I was working on performance tuning the data deletion process that I use to remove data from our database. We delete massive amounts of data on a daily basis, so our data deletion process is pretty important to us. As we’ve grown our customer base the amount of data to be deleted every day has also grown, and the amount of time to delete that data has gone up as well.
We it has started to take stupid amounts of time to delete the data, so I started digging into the data deletion procedures.
The first thing I looked at was the actual delete statements. These seams ok, the actual deletes were happening very quickly (we process deletes in batches of 1000 records per batch to minimize locking of data). So next I looked at the part of the code where we select the records to be deleted. Looking at the execution plan, everything looked ok.
But this little chunk of code took about 50 minutes to run. Pretty bad when only returning 1000 numbers back from the database.
[sql]SELECT TOP (@BatchSize) a.PolicyIncidentId
FROM PolicyIncident a WITH (NOLOCK)
JOIN #ComputersToProcess ComputersToProcess ON a.ComputerId = ComputersToProcess.ComputerId
WHERE CaptureTimestamp < ComputersToProcess.StartDeleteAt
The first thing that I did was put a primary key on the @ComputersToProcess table variable. That turned the table scan into a Clustered Index Scan, but didn’t do anything for performance.

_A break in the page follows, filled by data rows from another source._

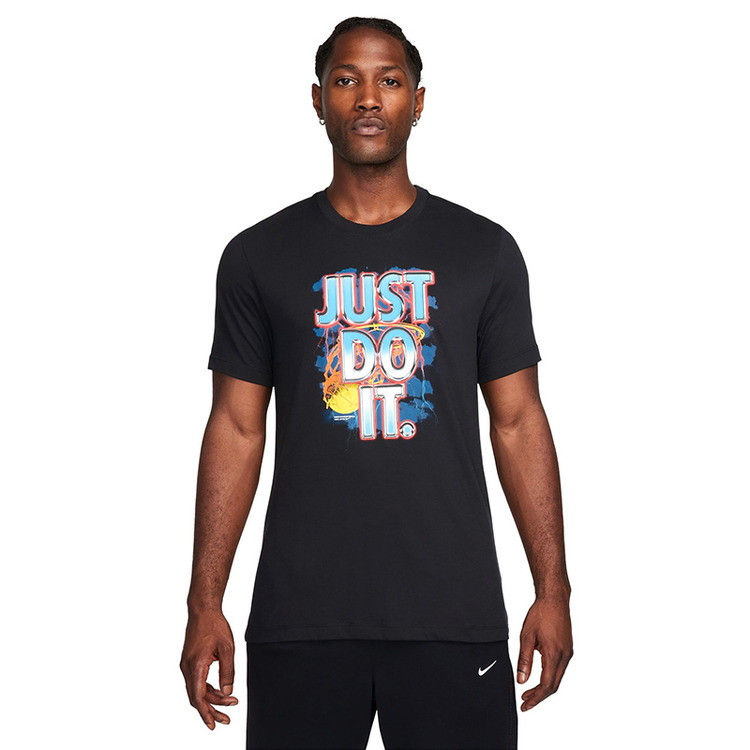 Adicionar ao carrinho Nike Dri-Fit JDI Tee "Black" Nike Dri-Fit JDI Tee "Black"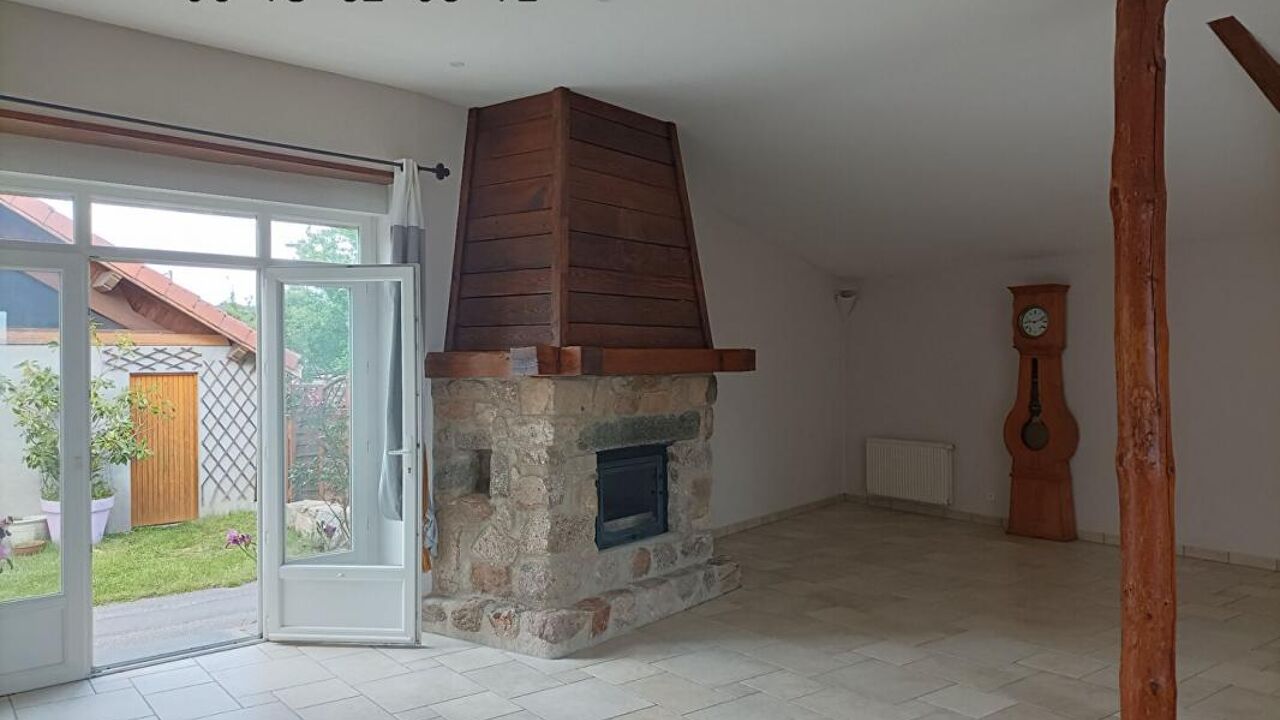 maison 5 pièces 164 m2 à vendre à Bas-en-Basset (43210)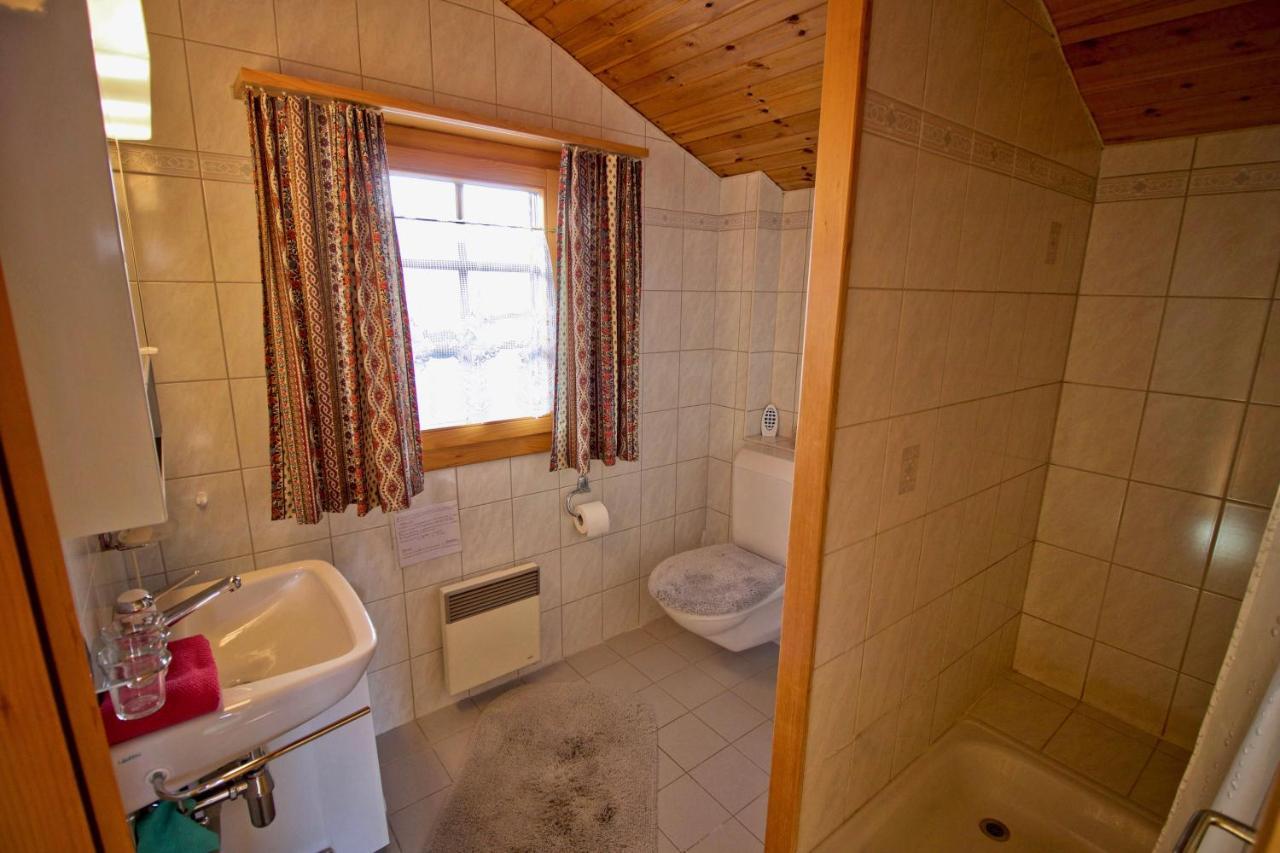 Chalet Abraxas With Astonishing View - Grimentz Villa Kültér fotó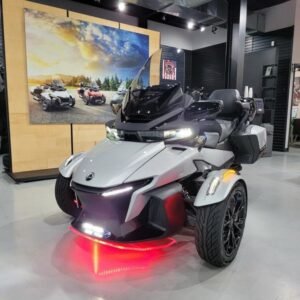New 2022 Can-Am Sport Touring Motorcycle Spyder RT Rotax 1330 ACE For Sale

The next thing I did was switch the table variable to a temp table (without a primary key). This really didn’t do anything to speed up the process as there is still no statistics on the data. However this time the execution plan actually shows you that there’s no statistic on the temp table.
Now, I didn’t want to put at non-clustered index on the table keeping the table as a heap, and a clustered index that wasn’t a primary key wasn’t going be any more effective than a primary key, so I put a primary key on the table. While the query cost percentage went up from 2% to 7% the actual run time went down from 50 minutes to just 1 second.
Now I didn’t make any other code changes to the procedures, just changing from the table variable to the temp table, and adding a primary key and this one little three line query went from an hour to a second. Its amazing how much such a small change can make things run smoother.
Now obviously this isn’t going to fix every problem. But in my case I’m putting a little over 190k rows into the table variable (now temp table) and this is just to much for the table variable to take. Keep in mind that with table variables the SQL Server has statistics, but it assumes only a single row per temp table, no matter how much data is actually in the table variable.